И Сидней, и Гаррингтон вкладывали особый смысл в понятие "аристократия". Аристократия, в понимании Гаррингтона, как по составу, так и по характеру, разительно отличалась от класса английских землевладельцев XVII века. В программе Гаррингтона, идеолога нового дворянства и буржуазной аристократии, нет и намека ни на палату лордов, ни на раздачу земель, а дворянство определяется не столько принадлежностью к социальной группе, сколько своей политической функцией. Он отмечал, что "только внутренняя ценность дворянства, сопряженная с осуждением или одобрением народа, может привести к известности и почету". Рассуждая об аристократической форме правления, Гаррингтон восклицал: "Они, (аристократы) боящиеся народных масс, - глупцы, рубящие сук, на котором сидят, и уничтожающие источник собственного могущества"19. Таким образом, хотя Гаррингтон не приветствовал "избыточных и неограниченных желаний большинства", в нем не было презрения к "простому народу", которое в избытке демонстрировал Сидней. У него были свои причины переносить центр тяжести властных полномочий на дворянство, в том числе принадлежность к одному из знатнейших аристократических семейств Англии и страх перед народными вопнениями, которых он опасался не менее чем королевской деспотии. По мнению Сиднея, именно аристрфатическая основа обеспечивала стабильность и устойчивость политической структуры. В политике иудеев аристократия всегда была превосходящей силой; в Риме и Афинах самые лучшие и мудрые люди всегда склонялись в сторону элиты; во всех государствах севера устойчивость власти определялась дворянским классом. Аристократия - это сила, одновременно обуздывающая и народные массы, и произвол королевской власти.

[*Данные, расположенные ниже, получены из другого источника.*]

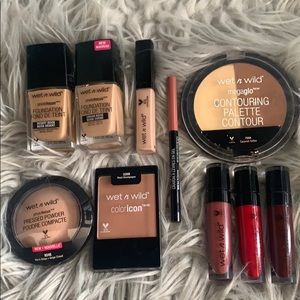 Wet n wild bundle
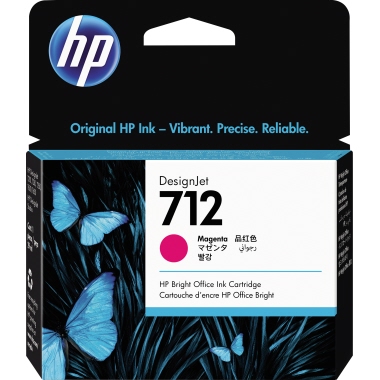 Tintenpa. HP 712 3ED68A magenta 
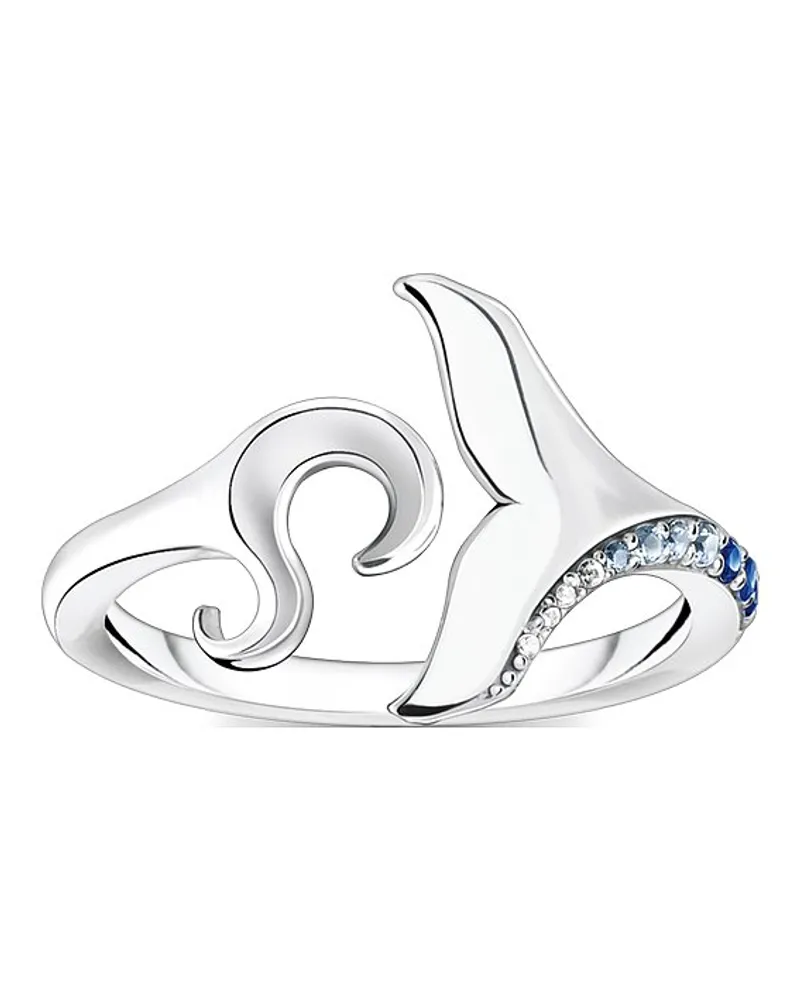 Thomas Sabo Damenring Sterling Silver 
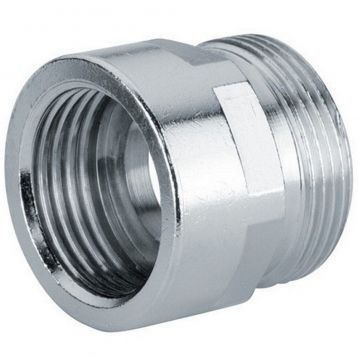 Carlo Poletti Перехідник Ø1/2" В x 24-19 З ХРОМ (A46104B)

В поисках идеала Сидней возвращался во времена расцвета готической (феодальной) монархии, противопоставляя принципы воинской доблести, мужественности и независимости, приветствуемые могучими баронами средневековья, изнеженности и подобострастию, развратившими придворную камарилью эпохи барокко. Сидней утверждал, что современная тирания - это искажение изначально эффективного и рационального института феодальной королевской власти. Ее возникновение и расцвет он относил к позднему средневековью с момента вступления на престол в 1603 г. династии Стюартов, которые приложили немало усилий, чтобы превратить умеренную монархию в абсолютную. В этом отношении позиция Гаррингтона представляется более исторически оправданной и аргументированной. Он замечал, что, хотя ограниченная монархия и превозносится как единственное изобретение, с помощью которого можно сохранить суверенность правителя и свободу народа; в реальности, она сводилась к борьбе между королевской властью и дворянством. По мысли Гаррингтона, готическая или феодальная система, утратив экономический базис, рухнула, и попытка ее воссоздания была обречена на провал.
Однако, при отмеченных выше политических разногласиях, был ряд вопросов, по которым мнения мыслителей совпадали. Гаррингтон, а за ним и Сидней трактовали ход истории как последовательную смену баланса земельной собственности, влекущую за собой изменение политической надстройки. Оба они, под влиянием идей Макиавелли, разделяли теорию военного гражданства, практически неразрывно связывая понятия "частная собственность" и "военная добродетель". Гаррингтон утверждал, что воинская добродетель важна не только в борьбе против чужеземцев, но и в защите гражданской свободы от потенциальных узурпаторов внутри страны. Он задавался вопросом, "как можно назвать гражданами тех, кто не носит оружия или тех, в чье образование не входит обучение владению мечом. В его Океании обучение военному делу - главная задача школьного образования, а для военных дезертиров предусмотрена смертная казнь. Для Сиднея ношение оружия также являлось неотъемлемой чертой истинного фажданина, всегда готового защитить свободу и собственность. Он сурово критиковал тех правителей, которые, вместо того, чтобы положиться на мужество своих подданных, прибегают к услугам наемных солдат. "Наемным солдатам не хватает либо преданности, либо мужества, а чаще всего - и того, и другого. Те, кто продают свою плоть и кровь, в первую очередь, думают о своем кошельке и заботятся о том, чтобы заключить выгодную сделку"20. Солидаризируясь с Гаррингтоном, Сидней ассоциировал добродетель с мужеством и военной дисциплиной, подкрепляя свою позицию многочисленными примерами из античной и средневековой истории.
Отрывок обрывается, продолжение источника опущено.